C is a good dp problem. Given a round brackets with length m, you should find the number of way to add some prefix and suffix then make it a valid brackets sequence with length n such that n-m <= 2000. Dp state is dp[a][b] being the number of way for a valid prefix brackets sequence with length a and b opening brackets not matched yet. So we can enumerate the length and the number of opening brackets remained of the prefix. And suffix is as a symmetry prefix. Thus, we can also take the dp value of our dp state.

D is a classical problem. Given n cylinders, you should find some of them with maximum total volume. i-th and j-th cylinders can take at the same time if and only i<j and volume of j-th is strictly greater than that of i-th. Direct dp state is dp[x] as the maximum total volume ended at x-th cylinder. Transition is that dp[x]=Volume of x + max(dp[y]) for all valid y. Thus, we can use a copy on write segment tree to maintain the maximum dp answer of each volume.

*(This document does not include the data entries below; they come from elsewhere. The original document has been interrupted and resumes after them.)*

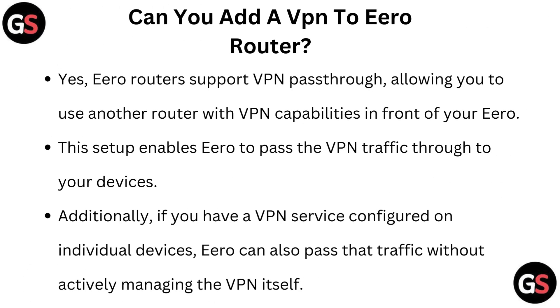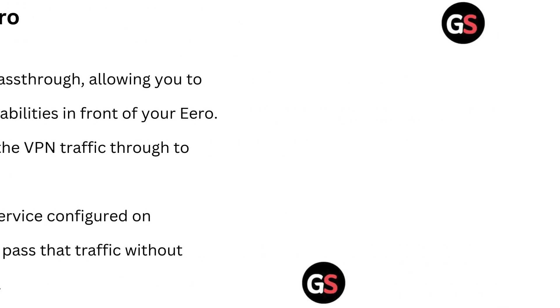Yes, Euro routers support VPN pass-through, allowing you to use another router with VPN capabilities in front of your Euro. This setup enables Euro to pass the VPN traffic through to your device. Additionally, if you have a VPN service configured on individual devices, Euro can also pass the traffic without actively managing the VPN itself.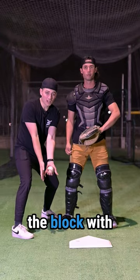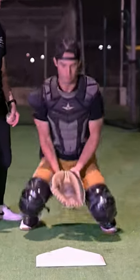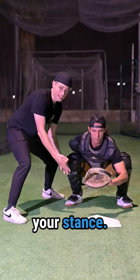Number two: how to lead the block with your hands. And number three: how to do it from your stance.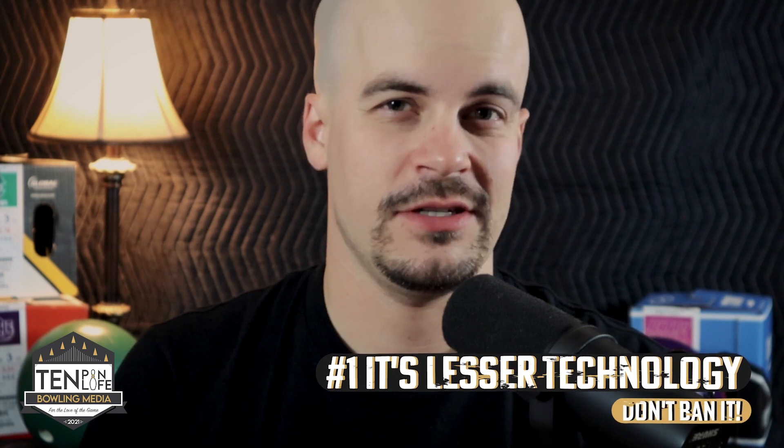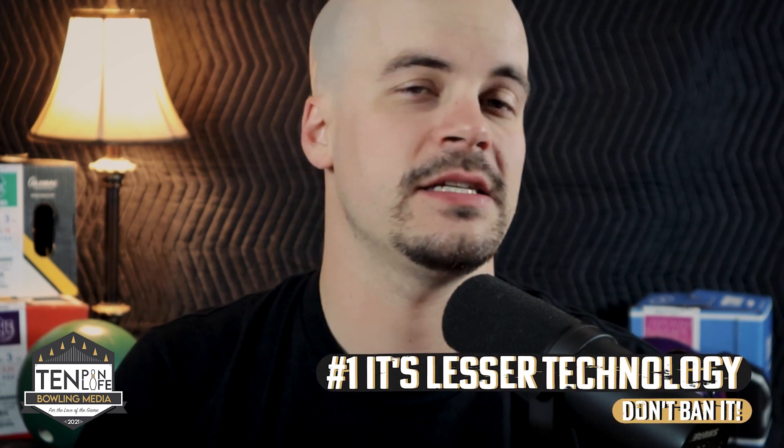So that's the three reasons why I think we should consider eliminating urethane from the sport of bowling. However, I also have three reasons why I think it should stay. First off, it's a lesser technology. USBC really has no precedent in actually banning lesser technologies at all.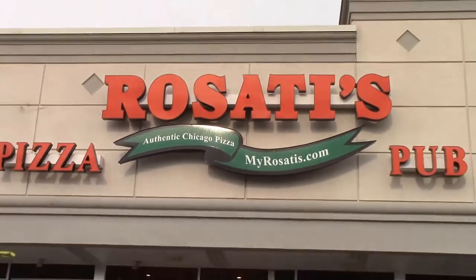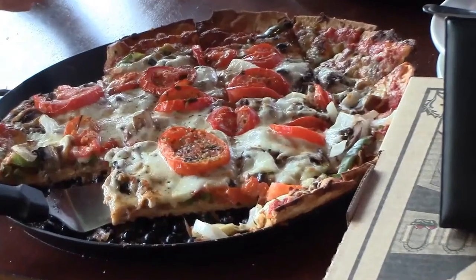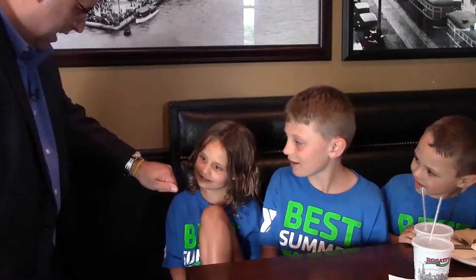Let's take a look now and see Rob Thompson in action at the Italian restaurant where he performs weekly. Hi guys, it's Rob Thompson. We're here at Rosati's Pizza and Pub. I want to introduce to you my new pizza paddle trick, so come on inside with me — we're going to have some fun.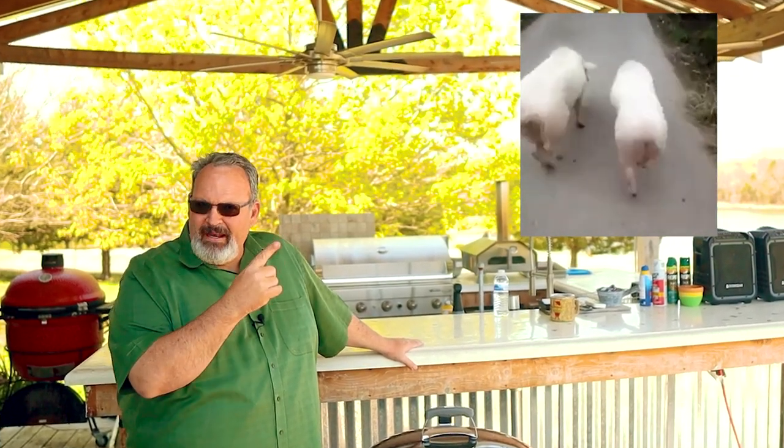Does the thought of a pork butt excite you? Not this pork butt — this pork butt. Whole pork has got to be one of my favorite things to smoke. So stay with me, and I'm going to be walking you through my steps to smoking the perfect pork butt, and we're going to be doing it on my Weber kettle.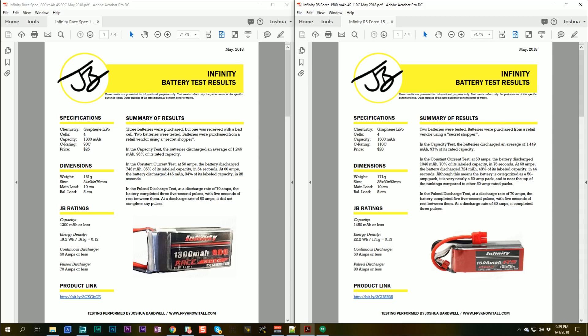In the pulse discharge test, the 1300 did three pulses at 70 amps and not even one pulse at 80 amps. The 1500 battery did five pulses at 70 amps and three pulses at 80 amps, making it an 80-amp battery in the pulse discharge. The 1300 is a 70-amp battery by my rating in the pulse discharge.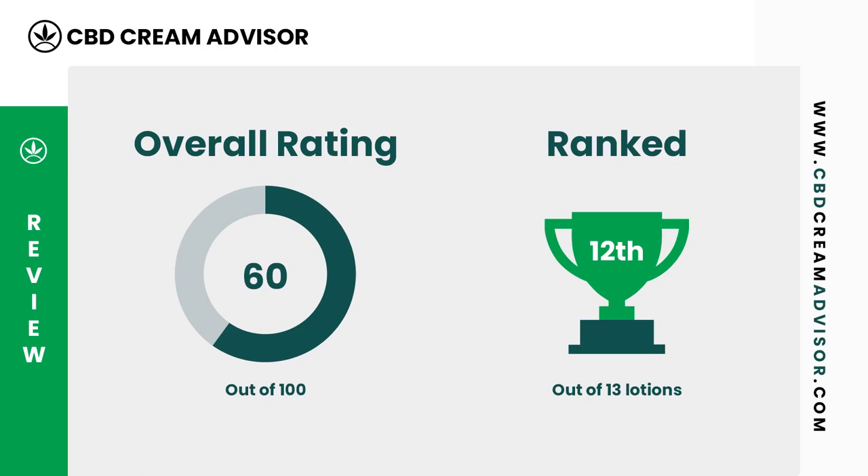The next question is how does this Lord Jones CBD body lotion stack up against other CBD lotions we have reviewed? CBD Cream Advisor gave Lord Jones CBD body lotion an overall rating of 60 out of 100. As a result of this score, this CBD lotion ranks 12th out of 13 CBD lotions that we have rated so far.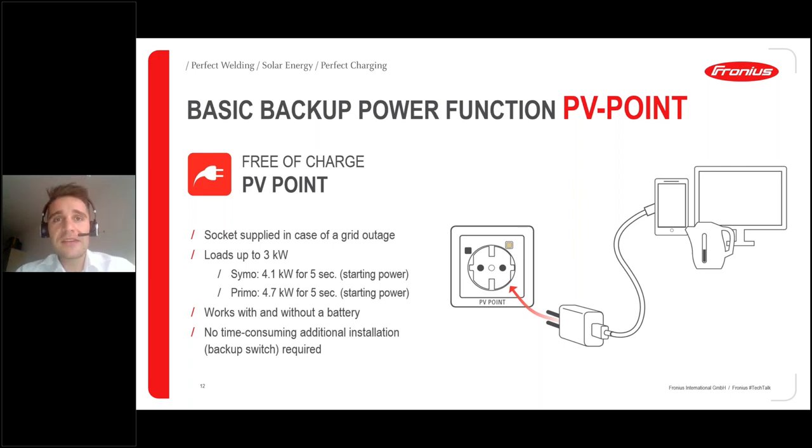If you're interested in the PV point, there are many YouTube videos where customers have tested it to the max — recharging EVs or testing main heating systems. This is really a USP of the Gen24 Plus and a very cost-effective backup solution.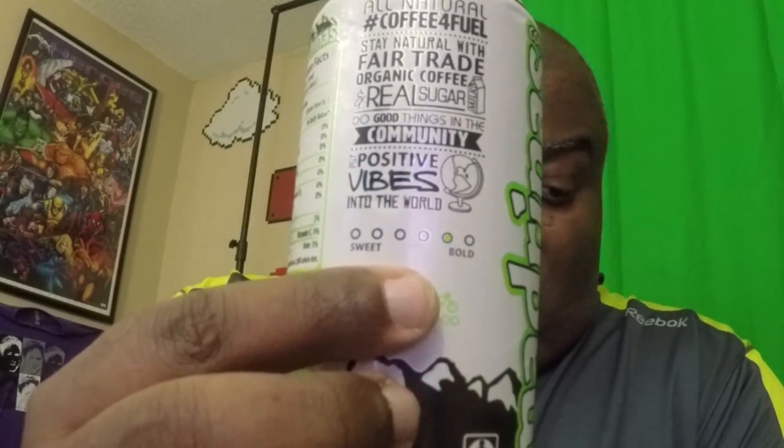On the sweet-to-bold chart you can see it's down there near bold instead of the sweet flavors. It's one tick from the almighty bold, and we're going to try this one out and see how it tastes.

E is a interesting problem. Given a tree and m querys,for each query, you should find the expected length of the loop when we add a edge in that tree the given pair will on that loop. Denote the given pair as u and v. The answer will be the expected length to u + distance(u,v) + expected length to v + 1. Thus, we can compute each part then add them. The way to calculate the expected length to u is that for those nodes not on the the v side of u, we can sum up their distance to u. Thus, expected distance to u will be the summation divided by the number of nodes. And don't forget u should also be counted. The summation of distances and number of nodes can be calculated by tree-dp. In first time, dp the answer of subtree. In second time, we can use the dp value to extracted the actually summation of distances and number of nodes.

rank 8 on final standing of both division.